TASK STATEMENT: Your copy should start at the line with "Autoscaling is next." and end at the line with "Go back, and" in the data below. Transcribe only those lines, exactly, pictures excluded.
___ PROVIDED INFORMATION ___
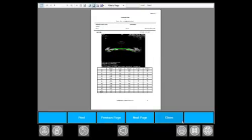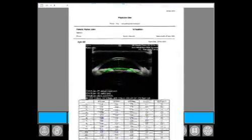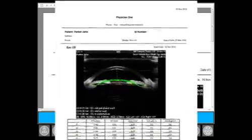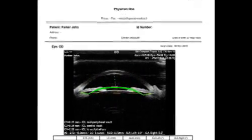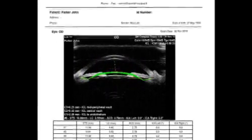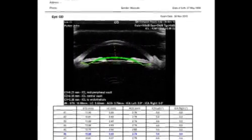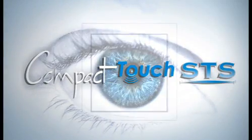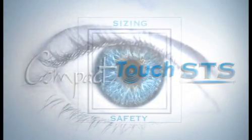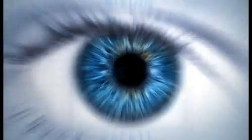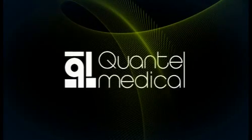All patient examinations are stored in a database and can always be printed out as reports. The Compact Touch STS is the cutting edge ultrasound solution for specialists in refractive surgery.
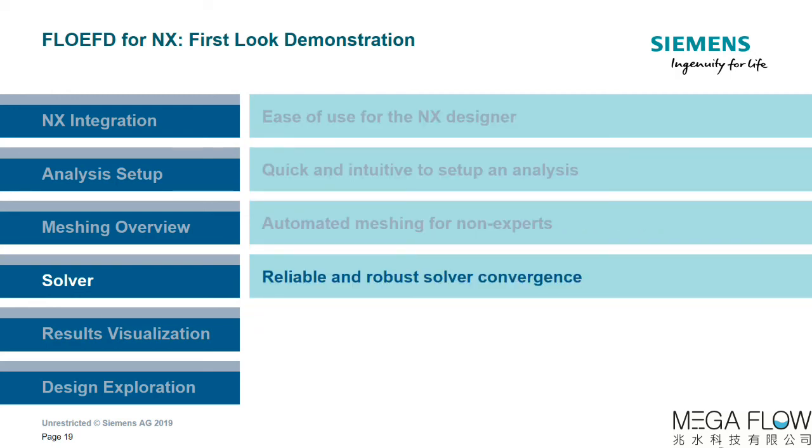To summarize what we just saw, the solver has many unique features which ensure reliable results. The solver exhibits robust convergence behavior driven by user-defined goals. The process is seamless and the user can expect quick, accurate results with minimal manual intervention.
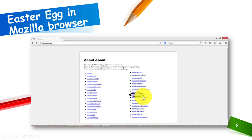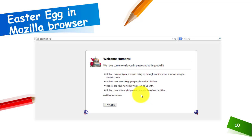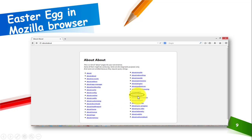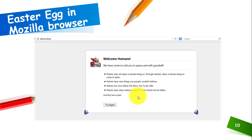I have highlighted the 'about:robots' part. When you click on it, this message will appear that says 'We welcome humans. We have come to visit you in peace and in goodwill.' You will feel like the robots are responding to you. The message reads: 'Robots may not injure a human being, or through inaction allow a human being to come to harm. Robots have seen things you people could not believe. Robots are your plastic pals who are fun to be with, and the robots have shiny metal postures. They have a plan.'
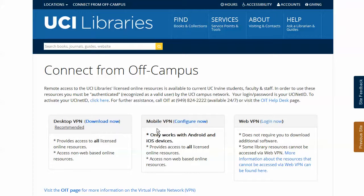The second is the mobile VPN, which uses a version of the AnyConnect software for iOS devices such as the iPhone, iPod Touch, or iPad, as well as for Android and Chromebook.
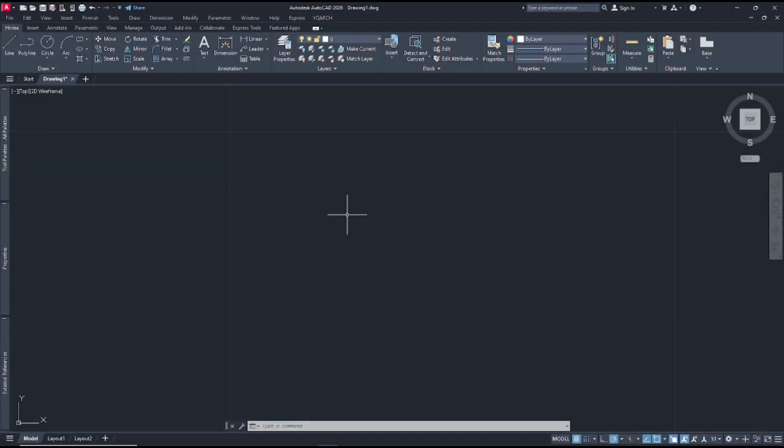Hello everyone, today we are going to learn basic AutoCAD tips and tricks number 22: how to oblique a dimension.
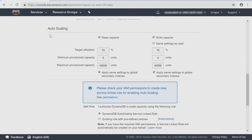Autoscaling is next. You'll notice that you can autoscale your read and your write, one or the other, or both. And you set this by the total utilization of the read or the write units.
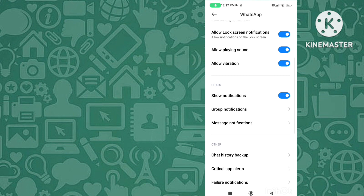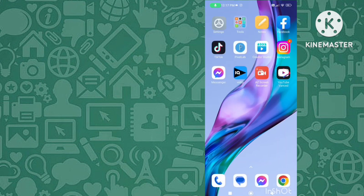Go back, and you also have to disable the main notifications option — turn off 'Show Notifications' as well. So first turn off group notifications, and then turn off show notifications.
___
___ PROVIDED INFORMATION ___
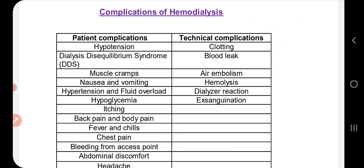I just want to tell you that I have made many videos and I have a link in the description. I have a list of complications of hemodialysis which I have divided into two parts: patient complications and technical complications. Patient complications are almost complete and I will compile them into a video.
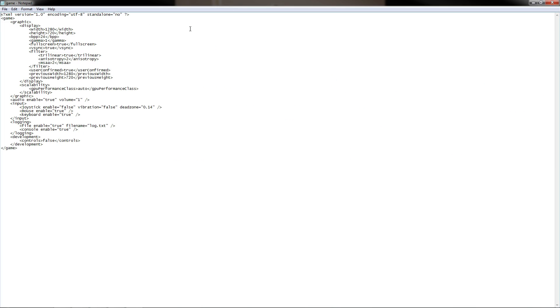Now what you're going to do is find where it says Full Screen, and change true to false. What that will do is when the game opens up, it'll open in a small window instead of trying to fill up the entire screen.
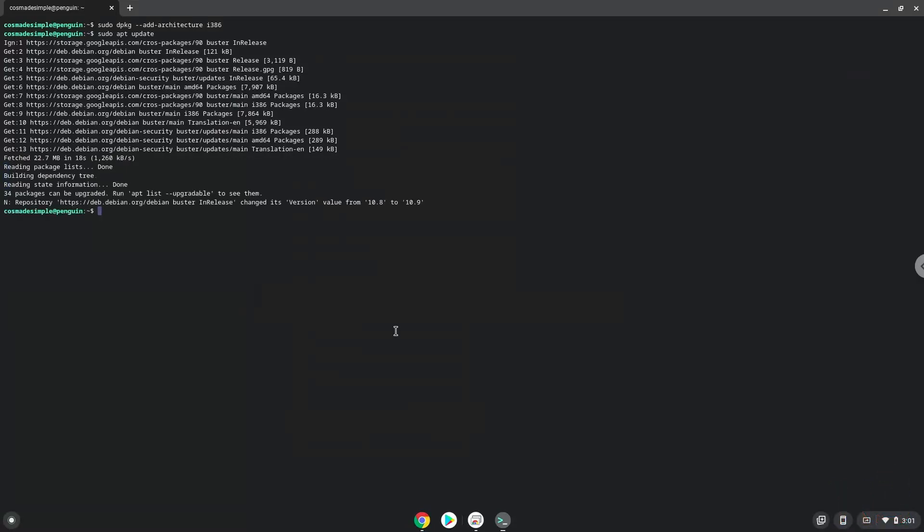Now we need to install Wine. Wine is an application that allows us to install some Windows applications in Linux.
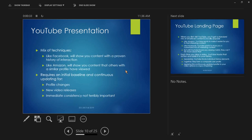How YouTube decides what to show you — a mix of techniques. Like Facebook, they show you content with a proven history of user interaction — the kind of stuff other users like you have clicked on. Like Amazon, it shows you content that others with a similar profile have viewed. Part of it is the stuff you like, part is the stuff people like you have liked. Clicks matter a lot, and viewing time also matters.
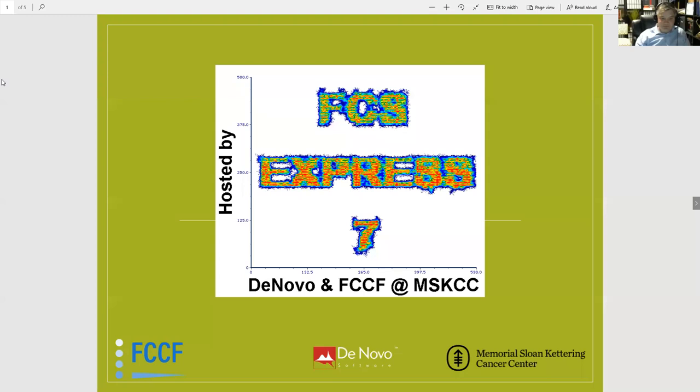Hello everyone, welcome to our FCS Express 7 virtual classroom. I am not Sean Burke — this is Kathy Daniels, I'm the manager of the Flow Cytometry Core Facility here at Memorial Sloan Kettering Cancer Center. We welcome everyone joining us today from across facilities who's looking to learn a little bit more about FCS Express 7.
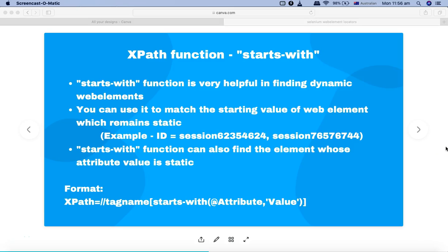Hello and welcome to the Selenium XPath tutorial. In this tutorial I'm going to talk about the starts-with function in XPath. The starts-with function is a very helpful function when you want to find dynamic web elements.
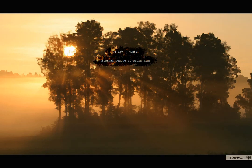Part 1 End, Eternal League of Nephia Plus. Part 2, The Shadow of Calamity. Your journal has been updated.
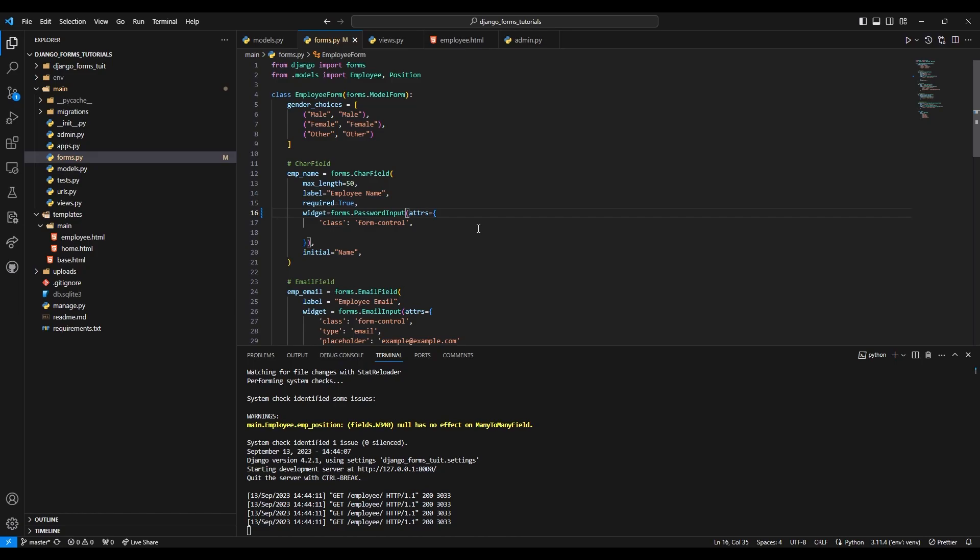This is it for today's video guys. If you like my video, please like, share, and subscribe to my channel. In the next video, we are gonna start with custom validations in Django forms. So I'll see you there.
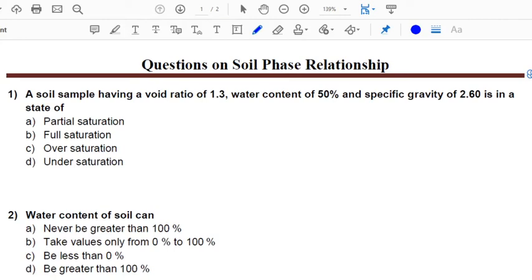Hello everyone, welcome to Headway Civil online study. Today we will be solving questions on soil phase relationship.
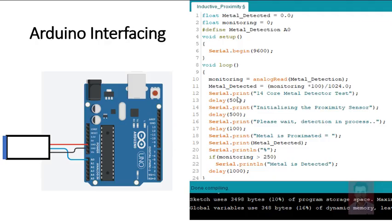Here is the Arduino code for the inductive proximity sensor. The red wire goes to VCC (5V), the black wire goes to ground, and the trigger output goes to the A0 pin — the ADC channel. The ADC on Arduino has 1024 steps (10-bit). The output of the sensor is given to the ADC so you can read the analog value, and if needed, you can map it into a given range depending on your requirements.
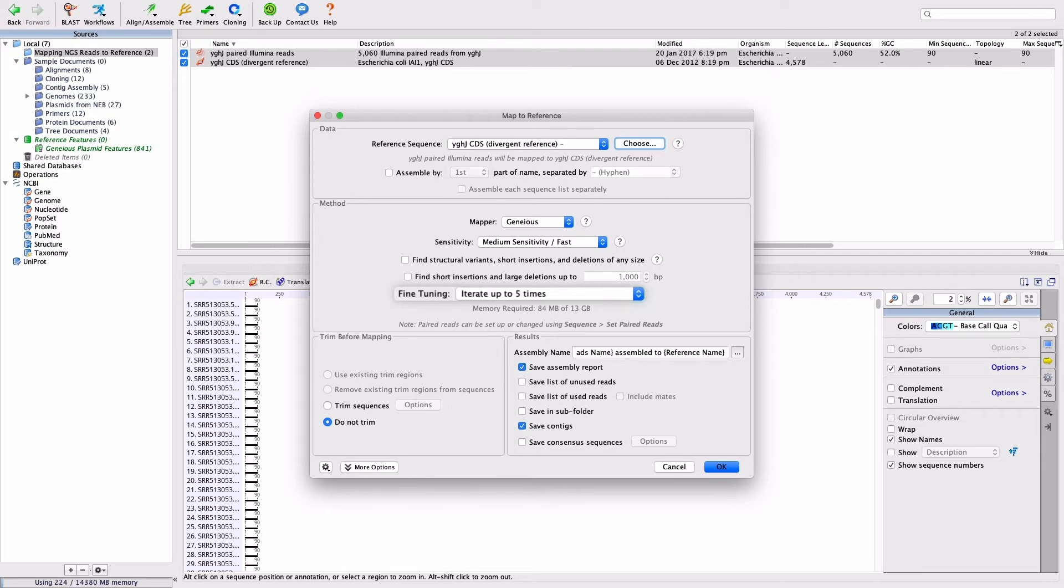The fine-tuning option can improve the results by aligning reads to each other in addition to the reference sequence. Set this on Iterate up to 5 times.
___
TASK ANSWER:
Autoscaling is next. You'll notice that you can autoscale your read and your write, one or the other, or both. And you set this by the total utilization of the read or the write units.
Go back, and you also have to disable the main notifications option — turn off 'Show Notifications' as well. So first turn off group notifications, and then turn off show notifications.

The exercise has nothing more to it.